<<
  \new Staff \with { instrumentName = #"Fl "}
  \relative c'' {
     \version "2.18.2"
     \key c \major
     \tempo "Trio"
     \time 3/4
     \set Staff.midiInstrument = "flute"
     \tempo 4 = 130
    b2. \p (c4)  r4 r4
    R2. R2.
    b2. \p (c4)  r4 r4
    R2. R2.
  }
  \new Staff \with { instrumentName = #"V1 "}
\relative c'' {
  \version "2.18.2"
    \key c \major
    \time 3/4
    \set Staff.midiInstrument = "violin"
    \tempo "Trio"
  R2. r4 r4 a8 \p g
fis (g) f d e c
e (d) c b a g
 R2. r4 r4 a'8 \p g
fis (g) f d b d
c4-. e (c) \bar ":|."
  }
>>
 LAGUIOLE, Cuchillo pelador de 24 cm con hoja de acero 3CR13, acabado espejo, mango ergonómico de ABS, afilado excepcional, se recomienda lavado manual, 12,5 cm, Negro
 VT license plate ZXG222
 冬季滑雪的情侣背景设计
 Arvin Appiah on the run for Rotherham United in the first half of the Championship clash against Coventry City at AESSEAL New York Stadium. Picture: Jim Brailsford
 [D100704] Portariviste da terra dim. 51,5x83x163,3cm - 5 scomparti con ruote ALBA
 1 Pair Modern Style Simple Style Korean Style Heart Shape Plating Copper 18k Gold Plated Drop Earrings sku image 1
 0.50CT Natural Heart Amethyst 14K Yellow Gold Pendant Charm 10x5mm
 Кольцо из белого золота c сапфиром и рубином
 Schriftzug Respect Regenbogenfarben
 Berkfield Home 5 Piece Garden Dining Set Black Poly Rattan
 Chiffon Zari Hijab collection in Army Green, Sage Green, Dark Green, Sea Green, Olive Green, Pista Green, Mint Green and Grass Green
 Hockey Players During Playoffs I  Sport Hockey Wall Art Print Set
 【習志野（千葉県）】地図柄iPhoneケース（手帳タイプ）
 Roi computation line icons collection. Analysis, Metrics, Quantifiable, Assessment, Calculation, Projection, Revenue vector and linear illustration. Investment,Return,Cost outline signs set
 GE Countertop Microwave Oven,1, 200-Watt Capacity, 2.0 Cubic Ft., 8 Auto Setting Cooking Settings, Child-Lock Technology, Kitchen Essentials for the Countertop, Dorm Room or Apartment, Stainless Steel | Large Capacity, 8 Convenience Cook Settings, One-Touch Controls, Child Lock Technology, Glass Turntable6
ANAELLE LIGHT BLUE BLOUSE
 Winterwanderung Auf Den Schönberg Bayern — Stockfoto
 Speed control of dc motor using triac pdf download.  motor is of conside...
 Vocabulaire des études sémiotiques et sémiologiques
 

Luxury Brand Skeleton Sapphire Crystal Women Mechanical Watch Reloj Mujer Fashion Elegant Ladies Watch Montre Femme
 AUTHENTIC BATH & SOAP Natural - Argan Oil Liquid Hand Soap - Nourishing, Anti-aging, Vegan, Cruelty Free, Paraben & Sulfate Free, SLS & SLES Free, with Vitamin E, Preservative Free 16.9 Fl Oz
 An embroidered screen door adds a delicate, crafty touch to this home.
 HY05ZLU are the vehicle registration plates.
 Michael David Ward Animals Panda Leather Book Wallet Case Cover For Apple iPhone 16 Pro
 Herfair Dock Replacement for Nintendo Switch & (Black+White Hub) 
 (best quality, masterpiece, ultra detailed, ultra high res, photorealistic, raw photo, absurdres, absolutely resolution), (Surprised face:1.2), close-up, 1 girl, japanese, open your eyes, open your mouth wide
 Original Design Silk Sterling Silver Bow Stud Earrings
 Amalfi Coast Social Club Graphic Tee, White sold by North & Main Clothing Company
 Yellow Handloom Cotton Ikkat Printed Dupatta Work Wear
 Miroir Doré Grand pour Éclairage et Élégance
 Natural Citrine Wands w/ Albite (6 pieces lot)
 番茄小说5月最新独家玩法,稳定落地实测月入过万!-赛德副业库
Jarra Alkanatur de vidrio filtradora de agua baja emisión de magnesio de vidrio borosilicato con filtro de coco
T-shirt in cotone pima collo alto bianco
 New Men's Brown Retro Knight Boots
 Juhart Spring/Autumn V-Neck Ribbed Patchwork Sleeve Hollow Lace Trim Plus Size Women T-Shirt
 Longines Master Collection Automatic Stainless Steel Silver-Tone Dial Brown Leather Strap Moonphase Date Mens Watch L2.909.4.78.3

_ _ _ _ _

**Description of the task**: Only the lines from the one containing "Juhart Spring/Autumn V-Neck" through the end of the listing belong in the response, each reproduced exactly.

**Result of this task**:
 Juhart Spring/Autumn V-Neck Ribbed Patchwork Sleeve Hollow Lace Trim Plus Size Women T-Shirt
 Longines Master Collection Automatic Stainless Steel Silver-Tone Dial Brown Leather Strap Moonphase Date Mens Watch L2.909.4.78.3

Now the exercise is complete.